Software Defined Architecture is the concept that we can configure the network from a centralised management system. In the case of Cisco, this is DNA Center.
SDA removes us as engineers from the CLI configuration layer, although the physical layer still needs careful design in order to ensure no single points of failure and that the physical design is resilient.
SDA applies two concepts to the network configuration:
- Underlay: The network will configure blank switches, with full layer 3 and uses IS-IS to route between
- Overlay: The network will configure Policy Contracts on top of the underlay to provision the actual end user experience
LAN Switching: Key Fabric Concept
There’s a pretty interesting concept which is applied to the use of Fabric in a LAN switching scenario.
While you configure the IP ranges to be used, the network applies the underlying VLANs, so you no longer have to worry about that side of the Layer 2 design (in fact its all somewhat redundant now, since the move is to Layer 3 route, even at the access layer).
The essential concept then is the ‘exploded switch’. This is that once Fabric is enabled, all switches really operate as one giant switch.
Think of the normal 3 layer Cisco switching hierarchy – you have all those access switches, but now they are treated a one large switch – plug in wherever you like and get the same user experience.
Cisco DNA Center
Cisco DNA Center is really at the heart of the SDA Fabric story.
DNA Center is the management platform for SDA, and so a key pre-requisite is to install DNAC first.
This allows you to start with Assurance mode on your existing network, moving to full Automation (configuration) mode on the new network.
DNA Center Enablement is a key aspect of the whole SDA Fabric deployment and should be integrated as a first stage in your plans to deploy SDA Fabric.
SDA Lab Environment
Building a lab environment is well worthwhile at the start of your SDA Fabric journey. This will allow you to test out key concepts, as well as refine the way in which your change controls and actual implementation will operation.
We've got a two part series of blogs on how to build an SDA Fabric Lab:
WLAN and Fabric
The design and configuration of a wireless LAN is not unaffected by Fabric. We have some new concepts to take a look at for the WLAN:
- Fabric Mode WLC: CAPWAP is still used – but traffic is not all centrally switched any longer
- Fabric Mode APs: Operate in local mode – use central CAPWAP for control and user traffic dropped off local
The image below details some of the key concepts for the SDA WLAN Architecture:
*Image from Cisco Connect Vancouver 2017
The way in which SDA works with regards to WLAN traffic is much more akin to the local mode switching, which is a current option.

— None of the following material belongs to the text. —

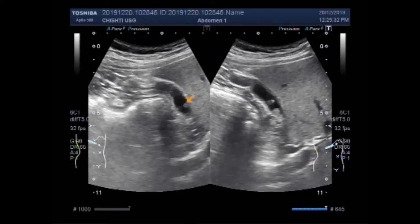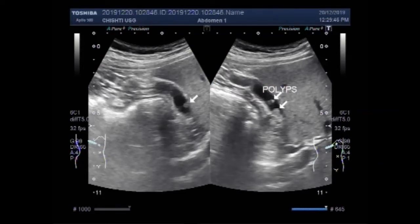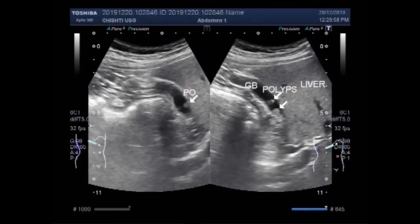You can see the gallbladder along the anterior wall, and these are the two polyps seen along the posterior wall of the gallbladder. The position of the polyps remains the same even by altering the posture of the patient.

This means that user traffic is dropped off locally at the AP and not shipped over the CAPWAP tunnel to the central WLC. The underlying SDA architecture is responsible for then ensuing that traffic can get to where it needs to go.

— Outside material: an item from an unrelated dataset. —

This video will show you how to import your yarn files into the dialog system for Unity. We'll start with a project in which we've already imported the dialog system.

Under the surface, the AP forms a VXLAN connection to the access switch it is connected to. This then allows the use of policy(ies) to dictate how user traffic is treated, with the really important (new) operating mode: WLAN traffic is treated identically to wired traffic.
The applied policies affect and are applied to the WLAN traffic in an identical way to wired – as user traffic exits the AP and enters the LAN, it is essentially exactly the same as if traffic were deposited onto the LAN from a wired client. Micro Segmentation policies applied in exactly the same way to WLAN traffic as they would with LAN based traffic.
Final note – you’ll need to upgrade to at least AIROS code version 8.5, which will then allow your 9800 WLC to fully support SDA.
- Cisco SD Access: Micro Segmentation Explained
- Troubleshooting with DNA Center
- Cisco DNA Center Assurance
- 5 Ways DNA Center Solves your Challenges
SDA Fabric Key Concepts: Summary
The primary concept to take away is that WLAN user traffic will be treated in SDA exactly the same as LAN traffic. From the minute that WLAN traffic enters the LAN, it will be ready for SDA policies to be applied and will allow for Micro Segmentation in the exact same manner that LAN traffic can be managed.
This is pretty interesting for a variety of reasons.
You can now build much more universal policies for your traffic and apply those much closer to the source. Micro Segmentation allows you to really closely carve up what access the WLAN users have based on the identity of the users, not just the traffic profile – massively powerful in allowing very specific network access.
The other key take away is that when SDA is enabled, the APs are using VXLAN under the surface – no longer do you need to plan a huge Layer 2 deployment, with lots of VLANs and so on – SDA takes care of that underlay config.